Barbara Walters: Why I Was Roy Cohn’s Beard

In an interview promoting her new memoir, Audition, Barbara Walters tells the San Francisco Chronicle about her relationship with Roy Cohn, the most despised gay man in American history, explaining why she allowed Cohn to pose as her boyfriend.

Many of Walters’ other friends were horrified that she would even talk to Cohn, but what Walters reveals for the first time in “Audition” is that Cohn somehow got a warrant for her father’s arrest dismissed. He had failed to show up for a New York court date because the family was in Las Vegas at the time.

Cohn liked to hint that they were more than friends “because I was his claim to heterosexuality,” Walters says. “He never said that he was gay, he never admitted to me that he had AIDS. He was a very complicated man. He died, alone, up to his ears in debt. He had been disbarred and he was hated. And I might have thought the same way, but he did something when my father was in trouble, [and] I never forgot that.”

Loyalty, she says, means everything to her. “I still have many of the same friends I had when I was younger,” she says.

Did Cohn have a secret “nice” side?

“I would not use the word nice,” she laughs. “He was very smart. And funny. And, at the time, seemed to know everyone in New York.

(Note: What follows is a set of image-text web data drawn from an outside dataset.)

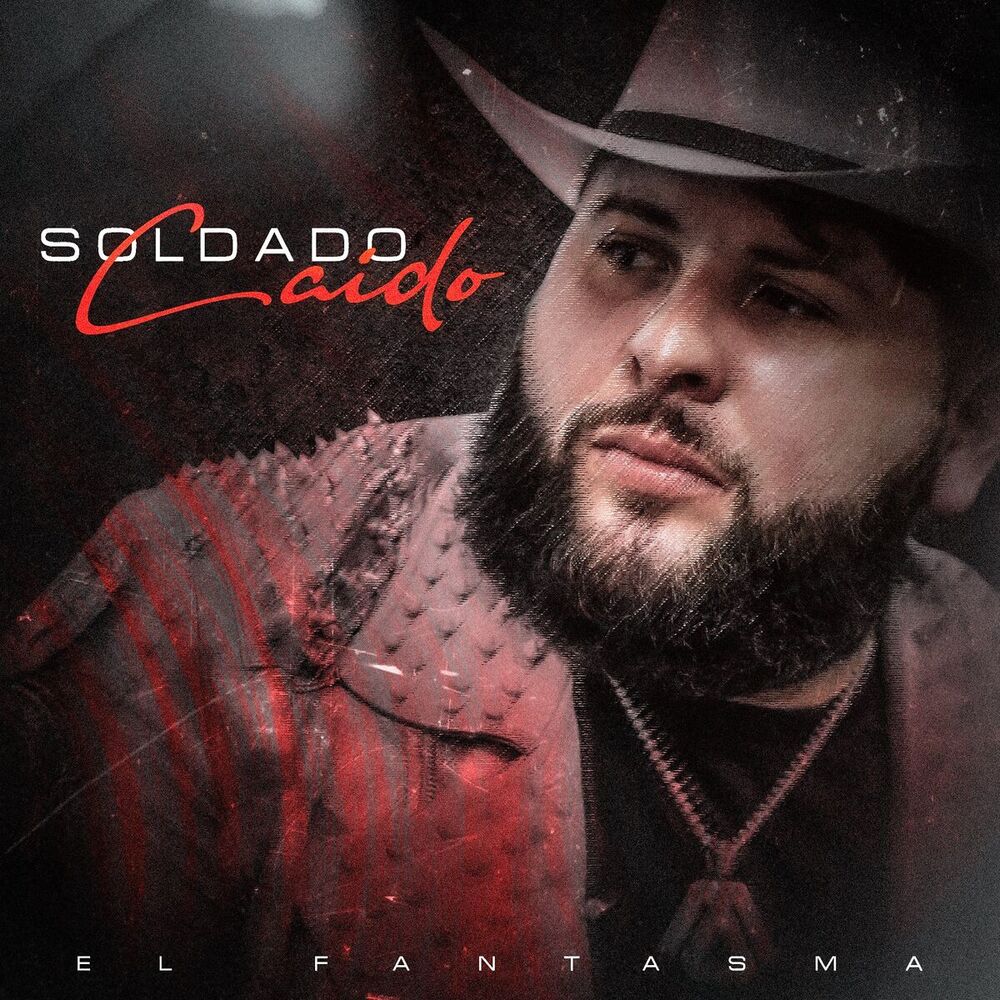 Picture of Soldado Caído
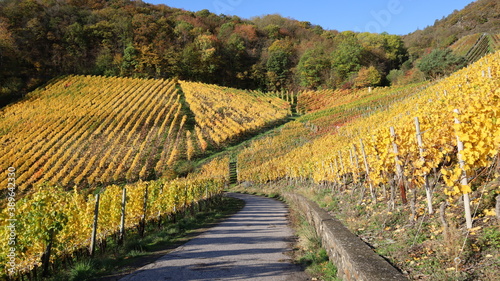 Bunte Weinberge im Herbst über dem Ahrtal bei herrlichem Sonnenschein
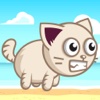 Cat Adventures Game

He was very friendly with the cardinal, he was very friendly with the most famous columnist in New York, Walter Winchell, he had a lot of extremely powerful friends.”

Some background for the youngin’s who somehow may not know who Roy Cohn was:

When he was 24, as Assistant District Attorney of Manhattan, Cohn’s eviscerating questioning of nuclear scientists Ethel and Julius Rosenberg was widely credited with their espionage convictions. In his autobiography, Cohn claimed that the judge imposed the death penalty on the Rosenbergs on his recommendation. The actual guilt of the Rosenbergs (Ethel, in particular) remains a topic of great debate. Cohn’s performance in the trial led FBI director J. Edgar Hoover to recommend him to Sen. Joseph McCarthy.

As McCarthy’s chief counsel during the communist witch hunts of the 1950’s, Cohn and his boss called hundreds of government employees to testify before a Senate subcommittee on accusations of communism, espionage, and homosexuality. (That subcommittee continues to operate today as part of the Senate Committee On Homeland Security.) Thanks to Cohn’s vicious interrogations, many of these gay people lost their jobs, homes, and families. This was all done with Cohn’s purported lover G. David Schine, a handsome young lawyer, working at his side as an unpaid consultant. (Some historians say Cohn was merely infatuated with Schine and that they were not sexually involved.)

After Schine was drafted by the Army and was in danger of being sent to Korea, Cohn attempted to intervene and get Schine a safer assignment. He then accused the Army of holding Schine “hostage” unless Cohn ended his investigation of communist infiltration of the armed services. The hearings into Cohn’s allegations backfired (with Senators snickering that Schine was a “fairy”), resulting in Cohn’s resignation and McCarthy’s later censure by the Senate, effectively ending the witch hunts.

In his private practice over the next 30 years, during which he often defended mafia bosses, Cohn also lobbied strongly against homosexual rights, all while visiting gay clubs and chasing “muscle men.” One of his last acts was to work against NYC’s gay rights ordinance. Cohn’s death from AIDS in 1986 was immortalized by playwright Tony Kushner in his Pulitzer Prize and Tony Award winning play, Angels In America. (Cohn was also a character in Kushner’s lesser known play, G. David Schine In Hell.)

Previous to this revelation about his helping her father, Barbara Walters’ devotion to Roy Cohn had been explained as gratitude for his role in the adoption of her daughter. You have to wonder how Walters managed to have a such a successful career in journalism while being lifelong friends with such a famously evil person.